The biotech announced the $8m (€6.8m) purchase and sale agreement of the 135,000 square-foot Smithfield facility in a US Securities and Exchange Commission (SEC) filing earlier this week.
Rubius Therapeutics plans to invest $155m over a five-plus year period in the facility, creating 160 jobs. The site will house multiple manufacturing suites to produce large quantities of clinical, and if approved, commercial red cell therapeutic (RCT) assets.
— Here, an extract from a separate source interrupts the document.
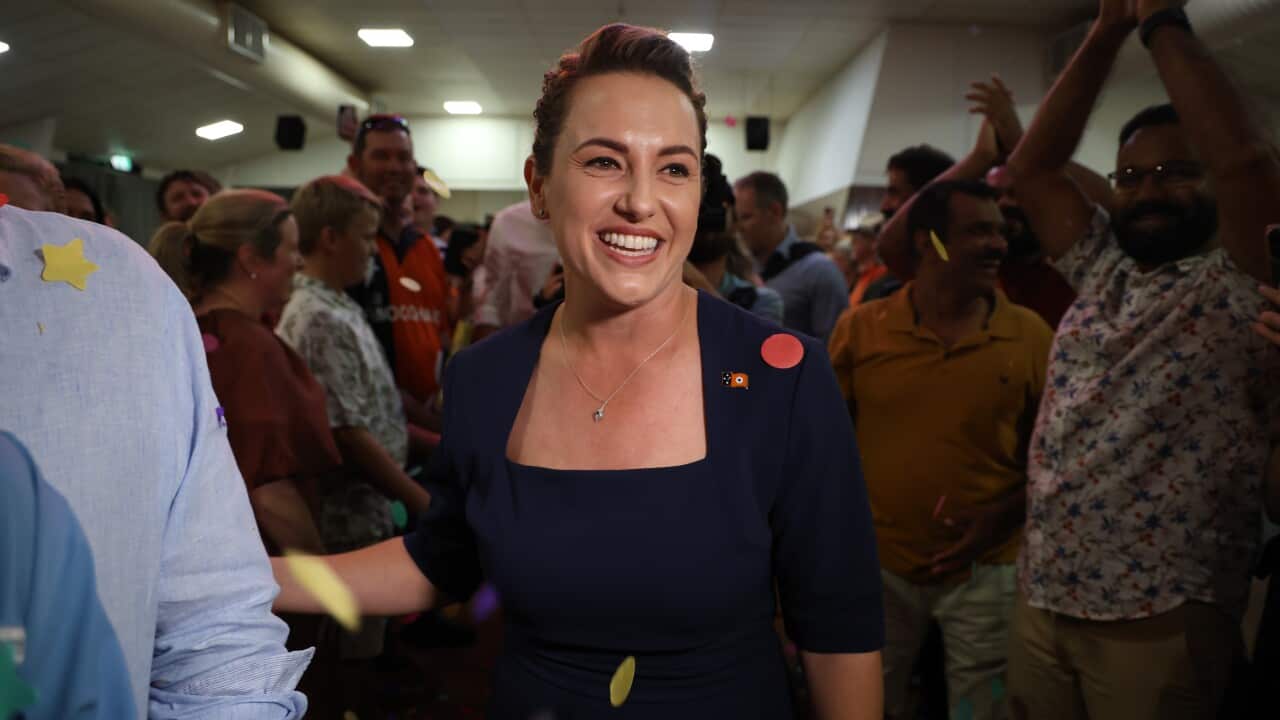 A woman smiles amid her rejoicing supporters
According to Rubius, RTCs are selective, potent and ready-to-use therapies.
The site will also make lentiviral vectors to encode the biotherapeutic proteins inside or on the surface of each RCT.
“The acquisition of the Rhode Island manufacturing facility is a critical step toward making the promise of red cell therapeutics a reality,” said Rubius CEO Pablo Cagnoni in a statement.
“We believe that by owning our manufacturing capabilities and controlling our supply chain we will be prepared to scale up manufacturing of clinical and potentially commercial supply of our novel therapies,” he added.
The purchase is expected close in Q3 2018, with completion of the first phase of renovations predicted within two years.
Alexion Pharmaceuticals announced plans to close the Smithfield facility and layoff 20% of its workforce in September last year, as part of a cost-cutting plan aimed at saving $250m annually.
The manufacturing facility made the active pharmaceutical ingredient (API) for human monoclonal antibody (mAb) drug Soliris (eculizumab), as well as the finished product, indicated for the treatment of paroxysmal nocturnal hemoglobinuria (PNH).
Good manufacturing practice (GMP) concerns at the site have attracted US regulatory attention in recent years.
In August 2016, Alexion revealed it had received another Form 483 for the Smithfield site, with observations relating to the “completion and closure of certain investigations, validation of surface sampling methods and monitoring of water systems.”
Rubius did not respond to a request for comment ahead of publication.